Months of bushfires in Australia have claimed 28 lives, burned thousands of homes and killed an estimated one billion wild animals.

SYDNEY: Rain fell across parts of bushfire-ravaged eastern Australia on Thursday and more wet weather was forecast, giving some relief following months of catastrophic blazes fuelled by climate change.

The fires, unprecedented for Australia in terms of duration and intensity, have claimed 28 lives and killed an estimated billion animals.

Sustained hot weather and only very rare periods of light rain in the affected areas have deepened the crisis.

So authorities had been looking forward to this week's rain hoping it would help contain or even extinguish some fires.

In the state of New South Wales, where many of the worst fires have burnt, there were "good falls" on some blazes early Thursday, the local meteorology bureau reported.

In the southern city of Melbourne, thunderstorms late on Wednesday helped to clear bushfire smoke that had choked the city since the start of the week and disrupted the build-up to next week's Australian Open tennis tournament.

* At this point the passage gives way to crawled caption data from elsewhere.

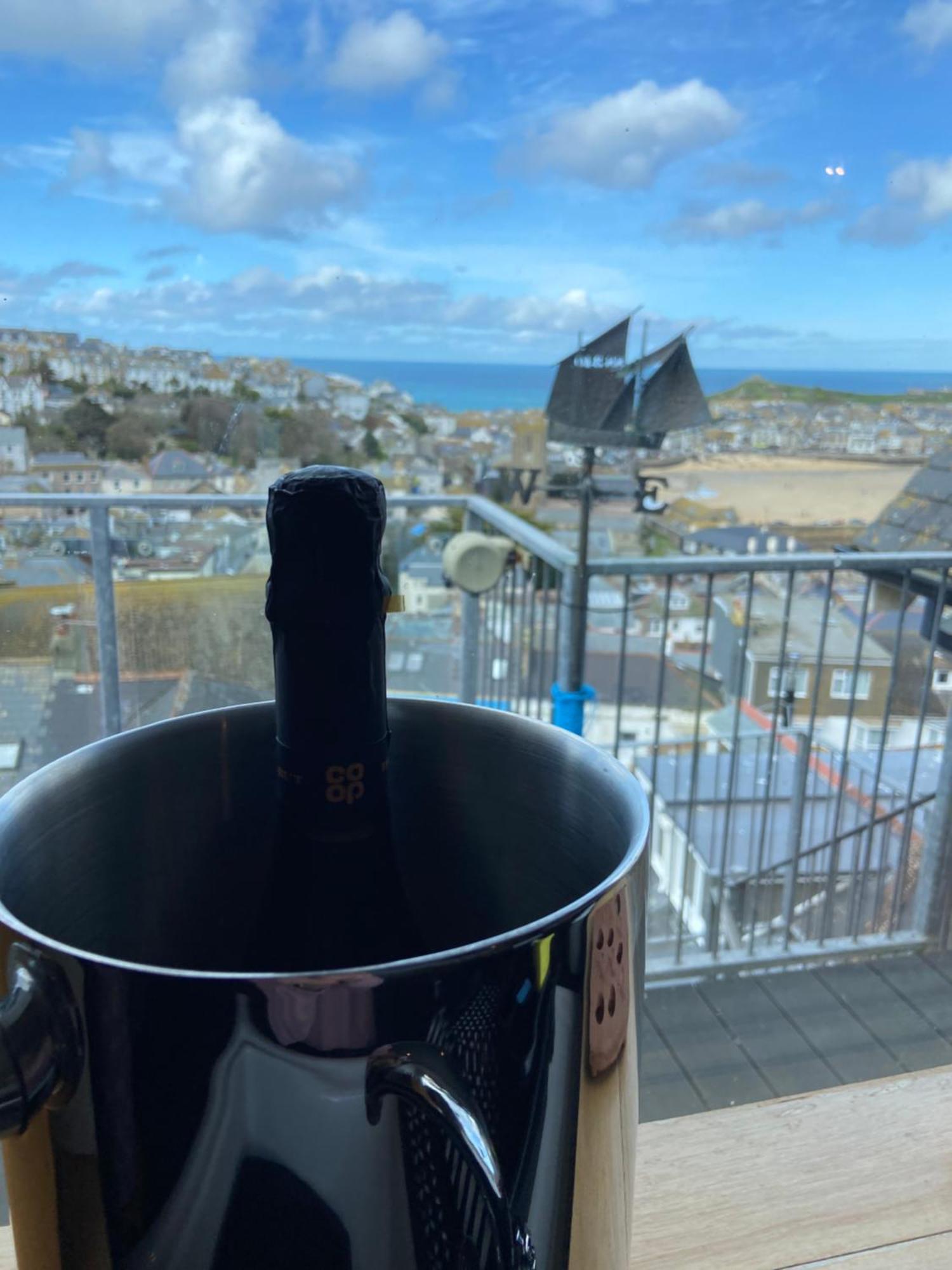 Harbour View Penthouse: Alfresco Dining With Bay Panorama Apartment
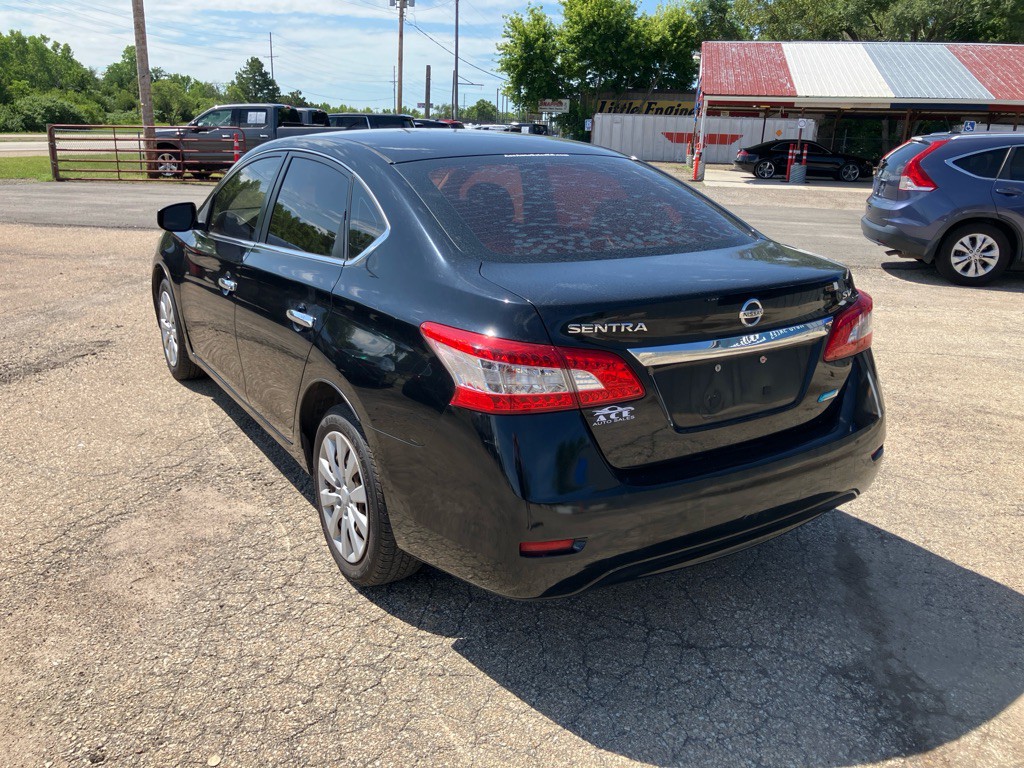 2013 Nissan Sentra Image 2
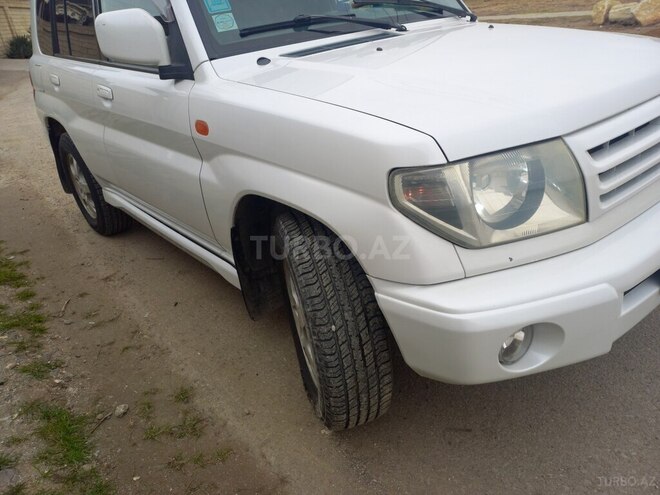 Mitsubishi Pajero io 2000, 320,000 km - 1.8 l - Şirvan
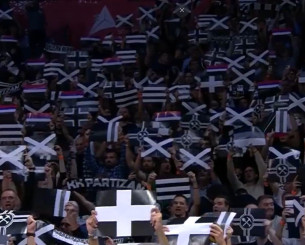 Τι συμβολίζουν τα πλακάτ της Παρτίζαν που συνθέτουν ένα... απέραντο ασπρόμαυρο κορεό (video)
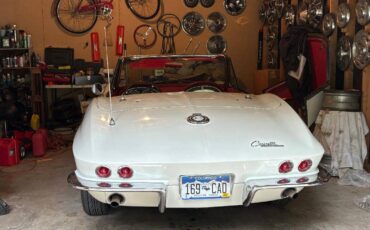 Corvette-stingray-convertible-1965-white-88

"Storms have improved air quality in most parts of the state," the Victorian Environment Protection Agency said

More rain was forecast until the weekend which, if it does occur, would be the most sustained period of wet weather since the crisis began in September last year.

"This will be all of our Christmas, birthday, engagement, anniversary, wedding and graduation presents rolled into one. Fingers crossed," the New South Wales Rural Fire Service said early this week in reference to the forecast wet weather.

The fires have destroyed more than 2,000 homes and burnt 10 million hectares (25 million acres) of land -- an area larger than South Korea or Portugal.

In New South Wales alone, 30 blazes were still burning out of control on Thursday, according to the state's rural fire service.

Australia endures bushfires every year but they started much earlier than normal last year and have lasted far longer.

Forests and farming land were already extremely dry due to a prolonged drought, providing the foundations for the fire crisis when extreme hot weather hit well before the southern summer.

Australia experienced its driest and hottest year on record in 2019, with its highest average maximum temperature of 41.9°C recorded in mid-December.

Scientists say the bushfires are the type of extreme disasters the world can expect more of as global warming intensifies.

The past decade was the hottest on record globally, the United Nations said on Wednesday.

"What's happening is persistent, not a fluke due to some weather phenomenon," said Gavin Schmidt, director of Nasa's Goddard Institute for Space Studies, which provided one of the datasets for the UN report.

"We know that the long-term trends are being driven by the increasing levels of greenhouse gases in the atmosphere."